Forum up for changes? With preparations for a change in office at Naisonini, home of the Pacific Islands Forum Secretariat in Suva, there's this story of a letter making the regional rounds over the status of the Forum's new authorising agent for the Cotonou Agreement, the source of aid and trade to Pacific islands members of the Africa, Caribbean and Pacific bloc from the European Union. With a non- ACP-EU officer moving in to head the secretariat next year, the job of authorising agent will have to be stripped from him, the letter argues, and given for now, to one of his directors. The letter written by a former chair of the Forum seems to imply that the director as authorising agent will have the power to overrule his own boss, the secretary general.

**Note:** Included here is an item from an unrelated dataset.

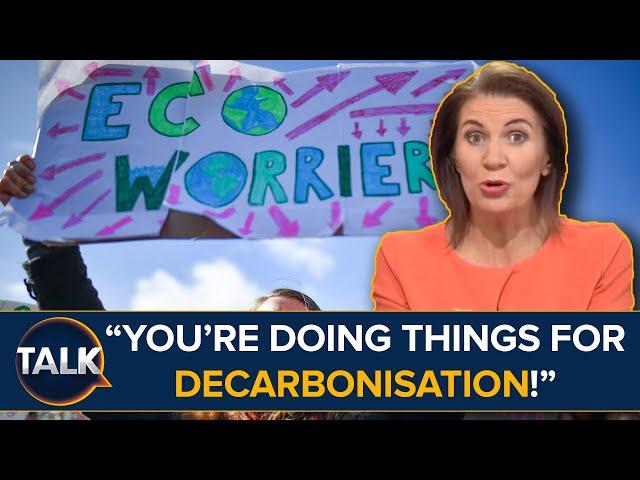 Climate Change As A Fact Is "Abject Nonsense" | Julia Hartley-Brewer Blasts Green Net Zero Policies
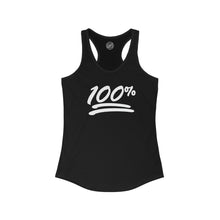 Load image into Gallery viewer, 100% Emoji Razorback Women&#39;s Tank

PNG questions SOPAC decision: Following closely on the heels of the Pacific Islands Forum's failure to reach a consensus on the appointment of its new Secretary-General, another regional body has floundered in the absence of the so-called Pacific Way of decision making. SOPAC (South Pacific Applied Geoscience Commission) members met at the Rock of Polynesia (Niue) and like their Forum counterparts could not agree on who to succeed Fiji's Alfred Simpson.
The result of the secret ballot was surprising as it was disturbing for at least one member, Papua New Guinea. While Fiji-born now New Zealand passport holder Cristelle Pratt got the nod in the secret ballot, Port Moresby is crying foul.
Weeks after the decision of SOPAC at Niue, Papua New Guinea has since lodged an official complaint against Pratt's appointment, declaring it null and void since SOPAC's constitutional requirement that th e winning candidate should have obtained two thirds of the votes was never met. Port Moresby, who fielded a highly qualified candidate, is now calling for a fresh start, or re-start.